I would like to install Opensuse 11.3 to upgrade/substitute my present version (11.0). I work on a 64bit machine on which also Windows Vista is installed. In the following you can see how my hard disk was partitioned during the installation of Opensuse 11.0 some 2 years ago.
fdisk -l
Disk /dev/sda: 250.0 GB, 250059350016 bytes
255 heads, 63 sectors/track, 30401 cylinders
Units = cylinders of 16065 * 512 = 8225280 bytes
Disk identifier: 0xbbc58b91
Device Boot Start End Blocks Id System
/dev/sda1 1 1020 8192000 1c Hidden W95 FAT32 (LBA)
Partition 1 does not end on cylinder boundary.
/dev/sda2 * 1020 16221 122098688 7 HPFS/NTFS
/dev/sda3 16221 30402 113906688 f W95 Ext’d (LBA)
/dev/sda5 16221 22047 46796796 7 HPFS/NTFS
/dev/sda6 22048 22309 2104483+ 82 Linux swap / Solaris
/dev/sda7 22310 24920 20972826 83 Linux
/dev/sda8 24921 30400 44018068+ 83 Linux
In order not to loose all my data and programs (my /home directory should be in sda8) what do you suggest me to do?
First off, using your old openSUSE, I would download and run the Findgrub script shown in message #59. This program should confirm where is grub loaded and which Windows drive is your boot drive.

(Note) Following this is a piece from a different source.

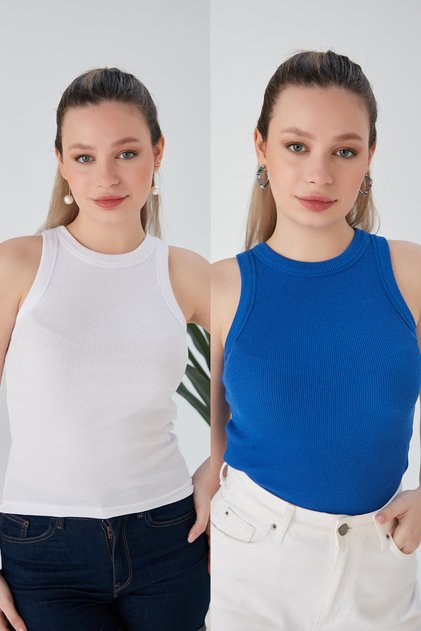 White Cobalt Blue Zargo Model Set of 2 Fitted Wide Piping Halter Neck Ribbed Flexible Knitted Crop Blouse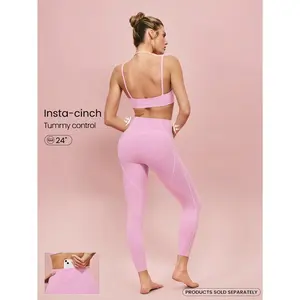 GLOWMODE 24" FeatherFit Workout Lover Buttery-Soft Sweat-Wicking Contrasting Seam Tummy Control Booty-Lifting Leggings Low Impact Yoga Studio Gym Daily Active Casual Wear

Once you know what you have, you must duplicate the same thing by selecting custom partitioning. I would install openSUSE as NEW, no upgrade. I would setup your old / root partition as new and to be formatted. I would setup the old /home folder for the new version, but you DO NOT FORMAT it. You must elect to put grub back in the same place (either in the MBR or in the / root partition, which only works when in /sda1, 2, 3, or 4.). You would expect to Have The Same Exact Partition Setup before elect to start the install as you had before the install. You might save your old Windows entry in your grub menu.lst file to make sure you know what works. By doing a new install, openSUSE 11.3 will work the best. By keeping the same /home partition and NOT formatting it, your many personnel settings should be maintained.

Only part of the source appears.